Calma, quindi, prima di parlare di declino americano, come fa da parecchio lo storico Niall Ferguson, secondo cui il segnale decisivo del destino britannico degli Stati Uniti è l’esplosione del debito: gli imperi sono sempre finiti così.

Una forte dose di pessimismo colora ormai la discussione americana sul futuro del proprio Paese: non sarà il declinismo puro e duro del dibattito europeo, ma è una sfiducia diffusa. La ripresa economica è ancora anemica e soprattutto non genera nuovi posti di lavoro. Su Obama — la ex speranza — sembra esistere una grande rimozione, in attesa di elezioni di mid-term (novembre prossimo) che i democratici si aspettano di perdere pesantemente. In una sett i mana p assataal campus d i Aspen, in Colorado, ho sentito nominare Barack Obama un paio di volte. E Condoleezza Rice, in un vivace dibattito con Madeleine Albright, ha rigirato il coltello nella piaga: il vero nemico dell’America non è la Cina — perché la Cina, questa la tesi di Rice, non ha un sistema politico che le possa permettere di eccellere nell’epoca dell’economia dell’informazione. Il vero nemico è interno, siamo noi stessi: una nazione che non investe più abbastanza nelle infrastrutture e nell’istruzione, in crisi fiscale potenziale e con un sistema politico così polarizzato da impedire decisioni razionali.

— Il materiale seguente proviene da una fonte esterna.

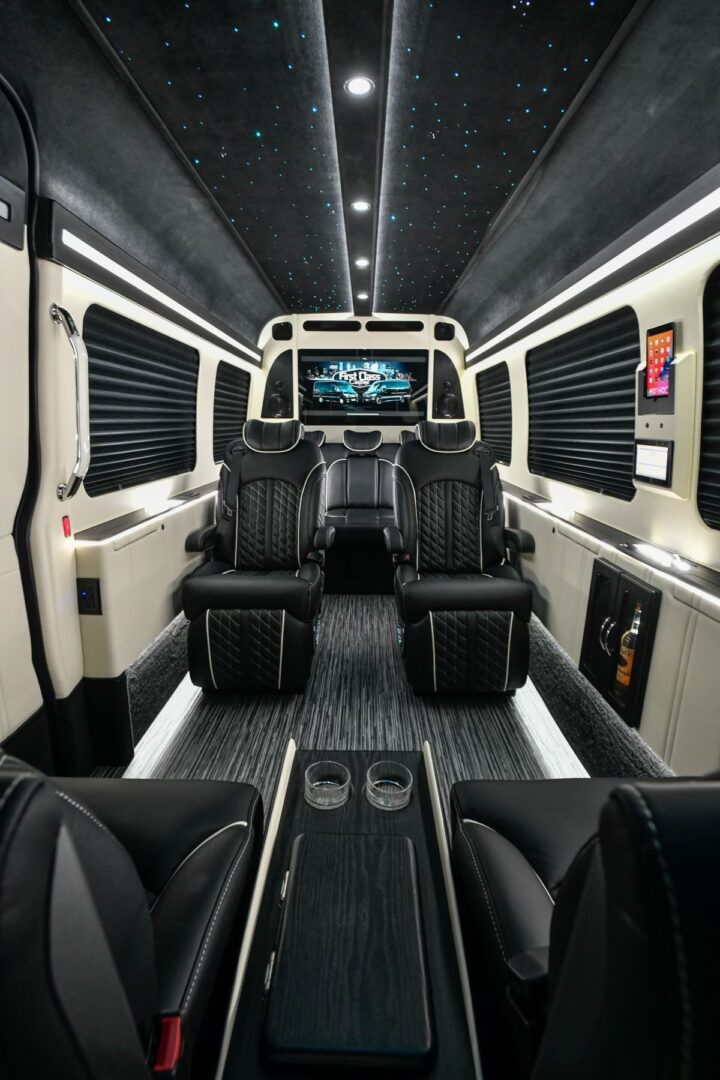 A black and white van with leather seats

L’America sta combattendosi da sola? L’Aspen Strategy Group — il gruppo tradizionale di riflessione strategica, oggi guidato da Nick Burns, ex sottosegretario di Stato e ambasciatore alla Nato — discuteva quest’anno di Afghanistan: la guerra che l’America non ha ancora perso (opinione prevalente) ma che rischia di perdere (timore prevalente) se il fronte interno non concederà abbastanza tempo a David Petraeus. Il tema sottostante, tuttavia, era l’altro: l’auto-analisi in corso sul destino degli Stati Uniti.

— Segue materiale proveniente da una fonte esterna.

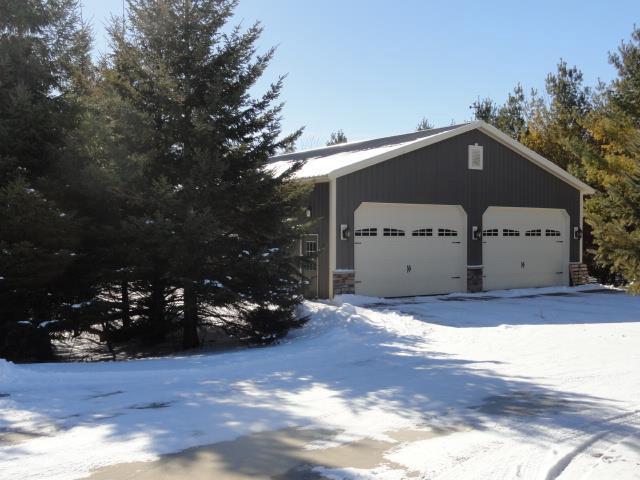N5194 Blue Valley Rd, Hartford, WI 53027 - view of snow covered exterior with a detached garage and stone siding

Né Albright né Rice, le prime due donne ad avere guidato la diplomazia americana, hanno avallato, nel loro show congiunto ad Aspen, le tesi decliniste. Secondo Madeleine Albright, la capacità di costruire alleanze e coalizioni continua e continuerà a fare la differenza fra gli Stati Uniti e la Cina: la perdita di potere americana è relativa, non assoluta. Per Rice, gli Stati Uniti stanno pagando i costi (necessari) della insicurezza post 11 settembre. Ma la competizione del secolo è fra sistemi politici: democrazie occidentali versus autocrazie di mercato. E qui, per tutti i problemi che può avere l’America, il potere di attrazione delle democrazie liberali resterà prevalente.

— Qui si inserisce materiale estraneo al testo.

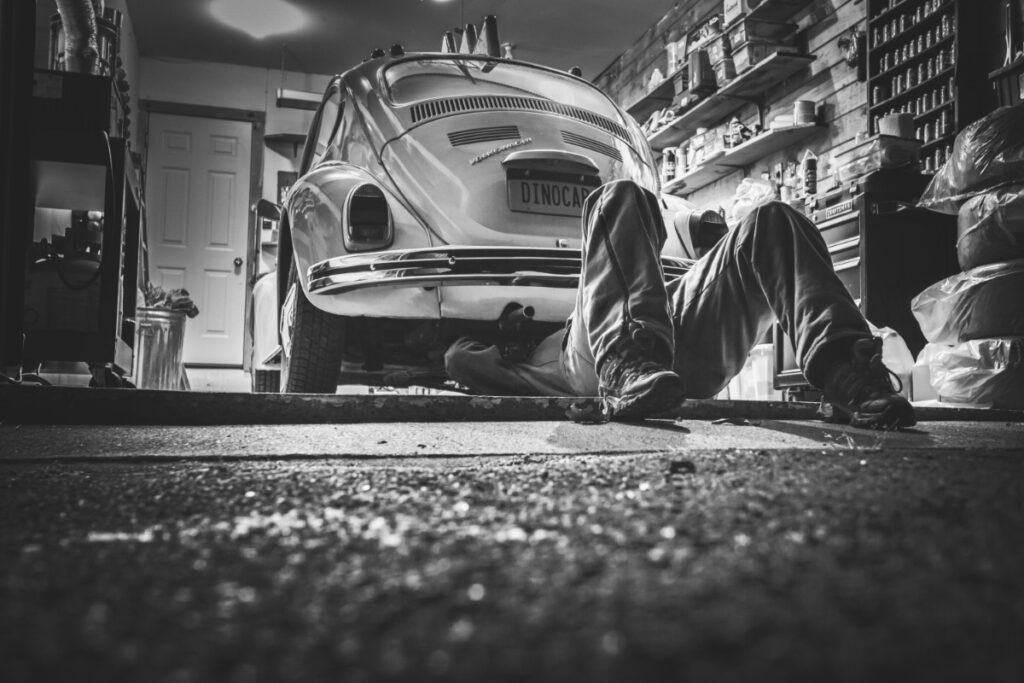 Guy working on a VW bug in his garage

Sarà l’evoluzione interna delle due potenze del secolo — prima della politica estera — a fare la differenza. Il problema, ben noto, è che i destini del più grande debitore del mondo, gli Stati Uniti, e del suo più grande creditore, la Cina, appaiono a questo punto intrecciati. Come spiegano in un libro recente Stephen Cohen e J. Bradfor DeLong ( The end of influence), quando una grande nazione perde il controllo dei soldi perde anche influenza. E insieme perde libertà d’azione. Dal secondo dopoguerra in poi, l’America ha potuto contare sull’esorbitante privilegio del dollaro, secondo la famosa espressione di de Gaulle. Ma gli squilibri alla base dell’economia globale — un’America che ha funzionato come locomotiva della crescita asiatica, importando più di quanto esportasse, consumando più di quanto risparmiasse — hanno finito per indebolirla. Il privilegio del dollaro (la possibilità illimitata di indebitarsi) si è rivelato nel tempo, per gli Stati Uniti, sia una benedizione sia un costo: una componente chiave del potere americano ma anche la fonte di una sua parziale erosione. Anche per il grande creditore, d’altra parte, la vita non è facile: difendere il dollaro è diventata, di fatto, una priorità ineludibile della Cina.

Se questa è la nuova dinamica del potere internazionale, ridurre gli squilibri economici globali è interesse essenziale di un’America che voglia restare dominante; ma che è più condizionata — in casa e fuori — di quanto sia mai stata dal 1945 in poi. Un contesto difficile, che gli Stati Uniti sapranno affrontare solo lasciandosi alle spalle la doppia sindrome di cui discutono, nell’estate fredda di Aspen, Albright e Rice: l’illusione dell’onnipotenza, la psicosi dell’ impotenza. Per le due ex segretario di Stato, l’America è già passata dal primo errore. Oggi rischia di cadere nel secondo.